--- Task requirements ---
Would you copy the lines below exactly and omit the images?

--- Exercise data ---

[Start of section]

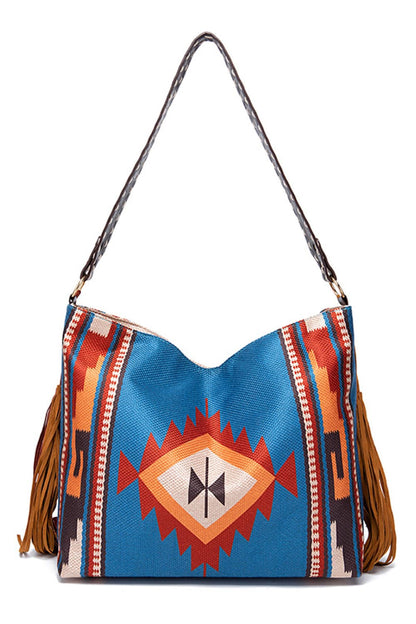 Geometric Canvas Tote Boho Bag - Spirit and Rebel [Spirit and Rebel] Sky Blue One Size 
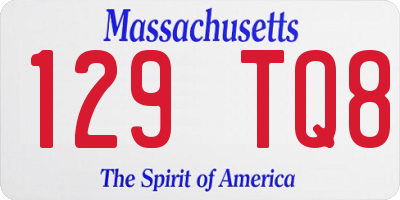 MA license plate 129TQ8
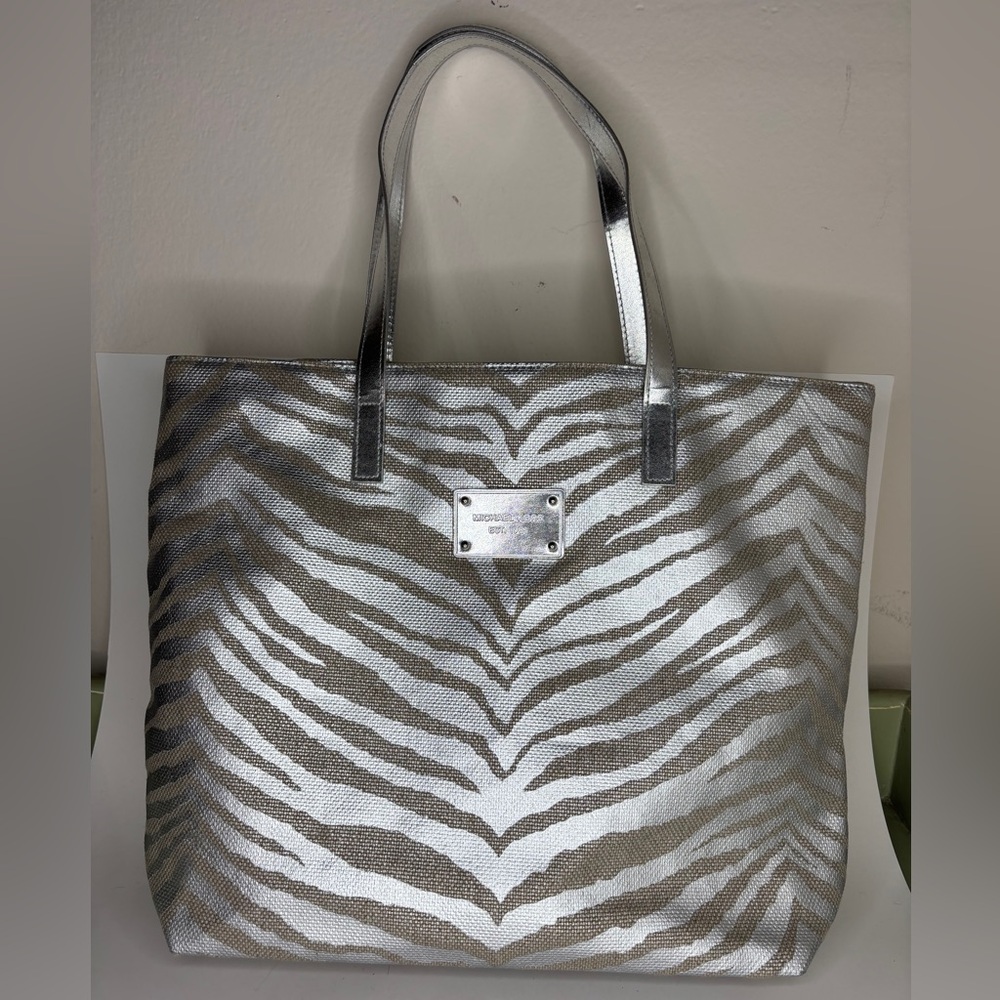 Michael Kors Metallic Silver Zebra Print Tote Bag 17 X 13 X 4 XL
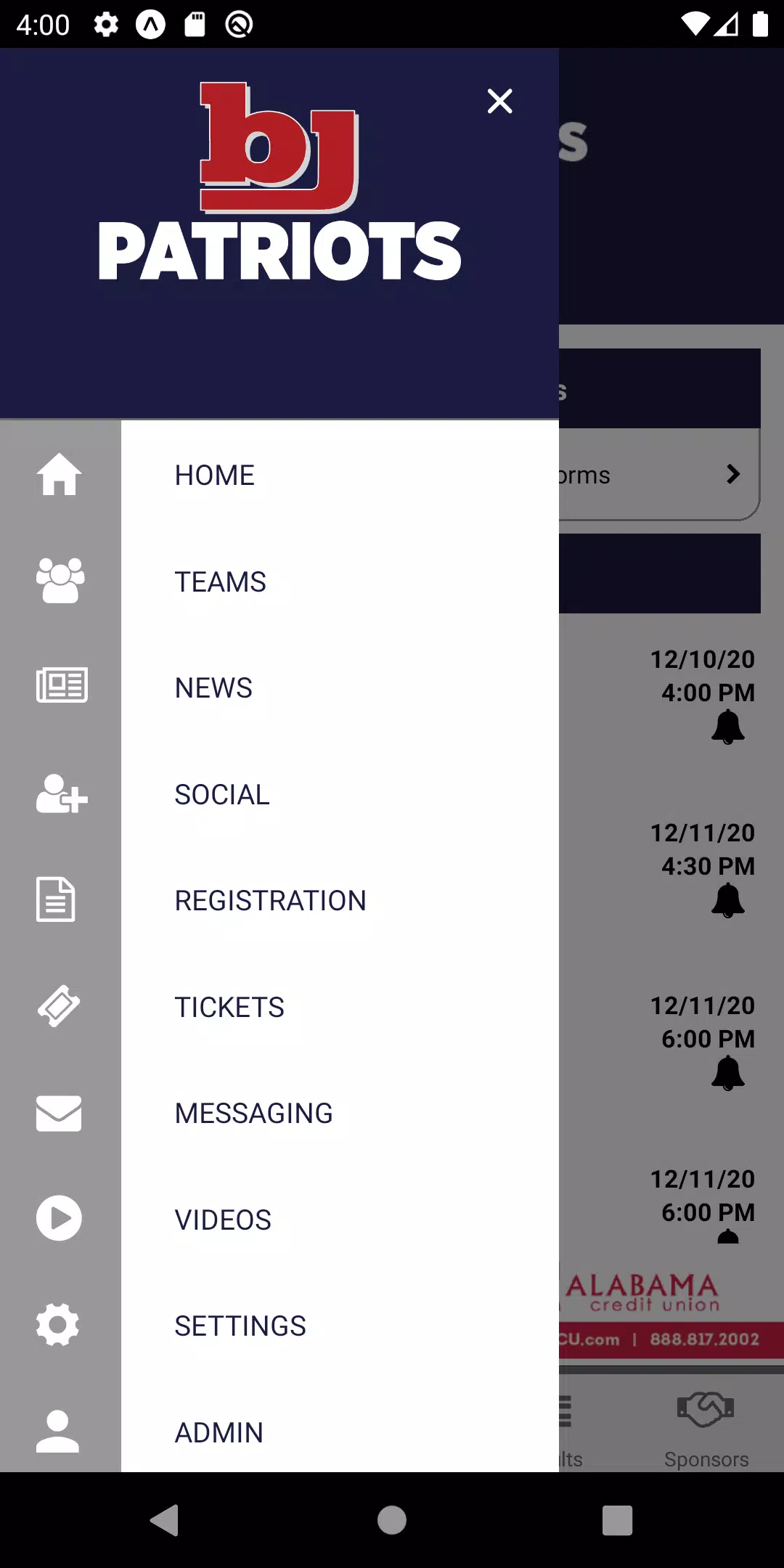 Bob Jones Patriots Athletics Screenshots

[End of section]

--- Result ---
 Geometric Canvas Tote Boho Bag - Spirit and Rebel [Spirit and Rebel] Sky Blue One Size 
 MA license plate 129TQ8
 Michael Kors Metallic Silver Zebra Print Tote Bag 17 X 13 X 4 XL
 Bob Jones Patriots Athletics Screenshots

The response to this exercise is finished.